现有的面向预填-解码分离式混合专家模型服务的负载均衡解码路由器忽略了专家局部性,导致负载相同的节点间存在延迟差异。
ELDR uses a request's prefill expert activations to form an expert signature that predicts which experts will be activated during decoding.
ELDR 利用请求的预填专家激活形成专家签名,预测解码阶段将激活哪些专家。
Offline balanced K-means partitions signature space across workers; online locality-band routing sends each request to the least-loaded worker among those best matching its signature.

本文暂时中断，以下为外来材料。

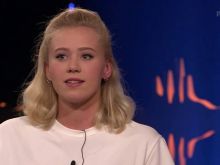 Josefine Frida Pettersen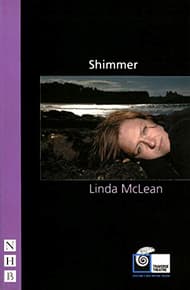 Shimmer Book Cover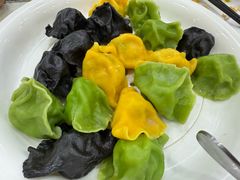 -良友·海鲜青岛菜(五四广场店)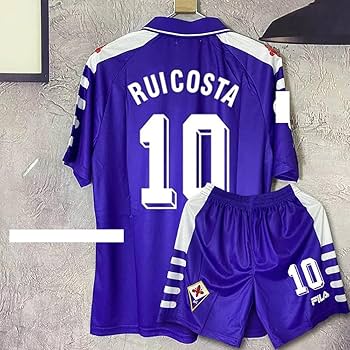 Amazon.co.jp: バティストゥータ サッカー レトロユニフォーム 獅子王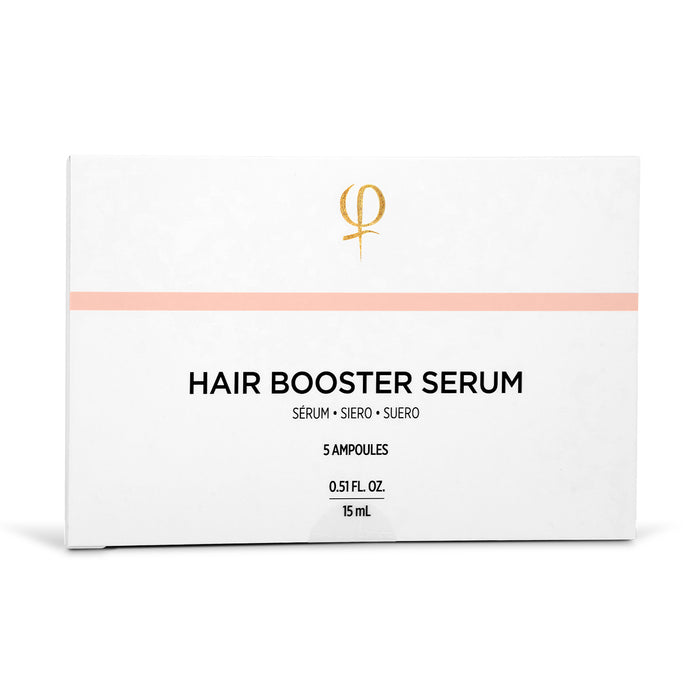 Hair Booster Serum 5/1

离线阶段用平衡 K-means 将签名空间划分到各节点;在线阶段采用局部性带宽路由,将请求发送到与签名最匹配且负载最低的节点。
A signature cache co-indexed with the KV cache at block granularity preserves exact signatures when prefix caching is used.
签名缓存以块粒度与 KV 缓存协同索引,确保使用前缀缓存时签名仍保持精确。
Implemented in vLLM and tested on up to 40 GPUs with three MoE models and two workloads, median TPOT improved by 5.9–13.9% over the best load-balancing baseline with identical outputs.
在 vLLM 中实现并在最多 40 块 GPU、三个混合专家模型和两种工作负载上测试,中位 TPOT 较最优负载均衡基线降低 5.9%–13.9%,模型输出完全一致。